This WASHplus Weekly (formerly called WASHplus Updates) contains 16 articles and reports published in 2010 and 2011 that discuss monitoring and evaluation of water, sanitation and hygiene (WASH) projects and programs. This includes the USAID Hygiene Improvement Project (HIP) report on Indicators as well as project monitoring reports from WaterAid, the Water Sanitation Program and others. Also included are monitoring reports from WHO and UNICEF that provide global, regional and country statistics on water and sanitation access.
- Determinants of Performance of Community-based Drinking Water Organizations, IN: World Development 5 March 2011. R. Madrigala, EfD Central America-CATIE. (Link to abstract)
This paper presents an institutional analysis of the underlying factors affecting the performance of community-based drinking water organizations in rural Costa Rica. More than 1,000 of these organizations provide water to 60% of the rural population and show great disparity in their performances. Using a qualitative approach and matching techniques to ensure comparability, the paper analyzes four representative communities. The results highlight the relevance of a demand-driven approach with downward accountability, working rules for tariff collection and infrastructure maintenance, and attributes of water committee members as the chief conditions that promote better financial health, infrastructure condition and user satisfaction.
- Empowering the Urban Poor to Solve Their Sanitation Problem, IN: Water Practice & Technology 2010. Y. Ismawati. BALIFOKUS Foundation. (Link to abstract)
To ensure that sanitation facilities serve their function in a sustainable way, a monthly community participatory monitoring has been designed. That way technical, environmental, financial and institutional aspects are mainly monitored by the community in assistance of team members. The monitoring results are used as inputs for improvement, local policy development and strategy. This paper shows that through the decentralized sanitation approach, sustainable sanitation service for the poor is possible.

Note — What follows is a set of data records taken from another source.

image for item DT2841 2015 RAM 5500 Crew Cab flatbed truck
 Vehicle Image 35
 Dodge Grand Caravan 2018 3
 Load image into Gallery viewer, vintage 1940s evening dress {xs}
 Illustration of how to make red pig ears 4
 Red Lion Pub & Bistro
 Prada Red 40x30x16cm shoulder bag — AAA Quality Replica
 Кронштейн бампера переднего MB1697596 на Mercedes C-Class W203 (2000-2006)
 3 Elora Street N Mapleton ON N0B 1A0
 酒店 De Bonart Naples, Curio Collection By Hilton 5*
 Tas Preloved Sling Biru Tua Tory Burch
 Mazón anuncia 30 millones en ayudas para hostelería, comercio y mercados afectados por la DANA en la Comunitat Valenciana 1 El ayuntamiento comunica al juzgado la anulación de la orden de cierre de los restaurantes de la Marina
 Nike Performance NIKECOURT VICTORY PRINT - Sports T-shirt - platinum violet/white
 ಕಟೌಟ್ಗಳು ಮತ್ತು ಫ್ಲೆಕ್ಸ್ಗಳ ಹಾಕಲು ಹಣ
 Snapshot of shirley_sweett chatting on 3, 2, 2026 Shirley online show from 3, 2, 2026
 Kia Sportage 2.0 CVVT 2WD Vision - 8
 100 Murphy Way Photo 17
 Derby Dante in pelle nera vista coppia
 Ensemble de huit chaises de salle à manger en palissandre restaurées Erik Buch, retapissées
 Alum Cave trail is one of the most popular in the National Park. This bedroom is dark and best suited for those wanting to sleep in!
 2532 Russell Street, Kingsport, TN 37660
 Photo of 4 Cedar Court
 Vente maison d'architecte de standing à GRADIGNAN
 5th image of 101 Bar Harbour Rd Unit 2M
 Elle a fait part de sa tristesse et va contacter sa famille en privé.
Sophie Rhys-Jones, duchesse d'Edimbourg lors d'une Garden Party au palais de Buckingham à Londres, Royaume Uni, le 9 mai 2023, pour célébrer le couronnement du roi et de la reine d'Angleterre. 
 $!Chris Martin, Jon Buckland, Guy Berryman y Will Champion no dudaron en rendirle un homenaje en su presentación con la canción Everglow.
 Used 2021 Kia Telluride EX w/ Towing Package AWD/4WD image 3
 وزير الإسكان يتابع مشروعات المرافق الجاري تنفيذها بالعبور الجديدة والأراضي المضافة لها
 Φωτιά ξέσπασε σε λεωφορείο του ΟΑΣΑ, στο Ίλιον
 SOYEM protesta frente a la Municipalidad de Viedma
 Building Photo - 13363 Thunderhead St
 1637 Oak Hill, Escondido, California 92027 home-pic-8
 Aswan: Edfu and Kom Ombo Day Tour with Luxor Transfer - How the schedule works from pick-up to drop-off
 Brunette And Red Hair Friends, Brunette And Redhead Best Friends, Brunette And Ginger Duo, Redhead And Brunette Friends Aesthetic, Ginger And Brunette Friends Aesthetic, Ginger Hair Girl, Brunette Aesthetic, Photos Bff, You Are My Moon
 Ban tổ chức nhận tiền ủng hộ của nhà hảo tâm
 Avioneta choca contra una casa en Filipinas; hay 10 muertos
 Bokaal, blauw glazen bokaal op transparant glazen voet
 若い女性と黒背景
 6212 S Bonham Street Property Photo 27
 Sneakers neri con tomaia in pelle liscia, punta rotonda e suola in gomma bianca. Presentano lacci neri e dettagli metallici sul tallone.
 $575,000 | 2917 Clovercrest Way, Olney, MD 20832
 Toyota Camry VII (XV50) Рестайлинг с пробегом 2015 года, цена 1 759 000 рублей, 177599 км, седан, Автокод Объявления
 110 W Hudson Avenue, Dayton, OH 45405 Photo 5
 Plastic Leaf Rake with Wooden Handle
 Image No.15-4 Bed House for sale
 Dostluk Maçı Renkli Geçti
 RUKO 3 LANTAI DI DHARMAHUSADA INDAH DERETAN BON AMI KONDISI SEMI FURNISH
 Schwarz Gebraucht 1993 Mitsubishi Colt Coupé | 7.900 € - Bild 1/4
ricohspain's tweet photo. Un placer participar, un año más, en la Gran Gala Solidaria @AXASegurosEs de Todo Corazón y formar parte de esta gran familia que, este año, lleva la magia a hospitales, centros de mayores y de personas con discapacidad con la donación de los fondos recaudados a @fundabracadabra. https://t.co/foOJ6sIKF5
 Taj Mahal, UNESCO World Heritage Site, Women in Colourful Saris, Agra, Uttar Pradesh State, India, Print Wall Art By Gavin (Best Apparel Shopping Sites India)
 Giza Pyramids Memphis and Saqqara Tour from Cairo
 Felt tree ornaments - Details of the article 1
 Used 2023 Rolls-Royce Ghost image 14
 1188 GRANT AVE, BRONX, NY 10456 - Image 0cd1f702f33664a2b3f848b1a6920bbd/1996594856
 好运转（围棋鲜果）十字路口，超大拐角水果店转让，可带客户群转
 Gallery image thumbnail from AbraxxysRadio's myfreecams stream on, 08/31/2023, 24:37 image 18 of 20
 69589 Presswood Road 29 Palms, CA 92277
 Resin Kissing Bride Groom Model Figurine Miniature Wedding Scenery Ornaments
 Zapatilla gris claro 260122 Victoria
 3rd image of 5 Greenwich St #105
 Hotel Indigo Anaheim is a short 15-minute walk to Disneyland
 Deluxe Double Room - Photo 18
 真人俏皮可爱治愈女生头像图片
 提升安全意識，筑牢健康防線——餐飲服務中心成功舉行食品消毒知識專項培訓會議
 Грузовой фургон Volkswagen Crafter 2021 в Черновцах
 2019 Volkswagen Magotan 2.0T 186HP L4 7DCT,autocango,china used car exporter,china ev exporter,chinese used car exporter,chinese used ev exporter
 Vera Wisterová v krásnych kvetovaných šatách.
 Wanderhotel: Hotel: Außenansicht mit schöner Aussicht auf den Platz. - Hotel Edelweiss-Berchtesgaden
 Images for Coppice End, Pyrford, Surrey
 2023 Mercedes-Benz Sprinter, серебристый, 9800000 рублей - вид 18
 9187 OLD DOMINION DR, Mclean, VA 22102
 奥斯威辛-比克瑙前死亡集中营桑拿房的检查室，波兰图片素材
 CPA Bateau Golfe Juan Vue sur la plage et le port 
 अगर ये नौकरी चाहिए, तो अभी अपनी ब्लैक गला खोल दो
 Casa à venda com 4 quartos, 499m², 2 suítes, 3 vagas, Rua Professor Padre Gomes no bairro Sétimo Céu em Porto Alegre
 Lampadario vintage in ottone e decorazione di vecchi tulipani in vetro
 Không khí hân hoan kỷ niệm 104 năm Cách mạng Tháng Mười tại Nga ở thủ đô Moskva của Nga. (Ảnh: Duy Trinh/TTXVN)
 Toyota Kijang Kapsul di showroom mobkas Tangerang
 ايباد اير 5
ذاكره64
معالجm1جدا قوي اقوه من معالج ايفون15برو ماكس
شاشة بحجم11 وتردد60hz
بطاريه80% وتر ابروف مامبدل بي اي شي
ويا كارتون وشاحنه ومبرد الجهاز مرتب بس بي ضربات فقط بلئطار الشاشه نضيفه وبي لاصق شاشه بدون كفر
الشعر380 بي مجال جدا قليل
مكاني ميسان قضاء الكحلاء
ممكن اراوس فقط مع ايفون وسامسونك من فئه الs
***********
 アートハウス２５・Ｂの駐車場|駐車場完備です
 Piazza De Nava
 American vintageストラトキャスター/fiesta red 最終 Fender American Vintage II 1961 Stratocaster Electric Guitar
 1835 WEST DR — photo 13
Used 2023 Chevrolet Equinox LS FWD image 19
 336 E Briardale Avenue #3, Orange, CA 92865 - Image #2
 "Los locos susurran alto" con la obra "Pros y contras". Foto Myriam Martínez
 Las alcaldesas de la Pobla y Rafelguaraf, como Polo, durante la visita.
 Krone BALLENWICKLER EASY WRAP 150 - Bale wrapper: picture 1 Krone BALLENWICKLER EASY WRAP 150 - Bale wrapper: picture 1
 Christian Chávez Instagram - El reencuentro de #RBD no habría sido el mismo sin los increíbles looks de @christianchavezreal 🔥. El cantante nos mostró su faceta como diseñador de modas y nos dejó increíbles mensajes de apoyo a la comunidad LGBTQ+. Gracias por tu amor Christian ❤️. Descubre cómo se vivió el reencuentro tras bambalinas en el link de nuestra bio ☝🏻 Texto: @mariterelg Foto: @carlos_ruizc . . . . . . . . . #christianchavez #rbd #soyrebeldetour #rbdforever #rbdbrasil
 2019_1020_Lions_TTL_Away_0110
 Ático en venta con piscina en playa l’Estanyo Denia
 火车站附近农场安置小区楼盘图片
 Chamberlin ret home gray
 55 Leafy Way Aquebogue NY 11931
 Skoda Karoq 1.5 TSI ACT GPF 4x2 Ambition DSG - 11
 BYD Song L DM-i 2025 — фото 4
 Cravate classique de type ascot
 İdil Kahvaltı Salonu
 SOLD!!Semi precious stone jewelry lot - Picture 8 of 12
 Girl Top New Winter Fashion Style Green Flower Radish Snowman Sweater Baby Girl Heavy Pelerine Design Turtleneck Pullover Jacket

- Filling the Knowledge Gap: Monitoring Post-construction Water and Sanitation Sustainability, IN: Waterlines, Volume 29, Number 3, July 2010. K. Fogelberg. (Link to abstract)
While progress is being made towards Millennium Development Goal 7 (ensure environmental stability), emerging research is documenting disturbing failure rates of water and sanitation systems around the world. One step in the right direction to documenting and understanding the challenges of sustainability - defined simply as continuing to function and be used over time - would be post-construction monitoring of functionality and use of systems. Although frequently recommended for the success of sustainable development efforts, post-construction monitoring activities have not been prioritized by international development organizations. This paper describes the post-construction monitoring program of one international non-governmental organization, Water For People; how it is done, what has been learned, and what programmatic and strategic changes it has produced.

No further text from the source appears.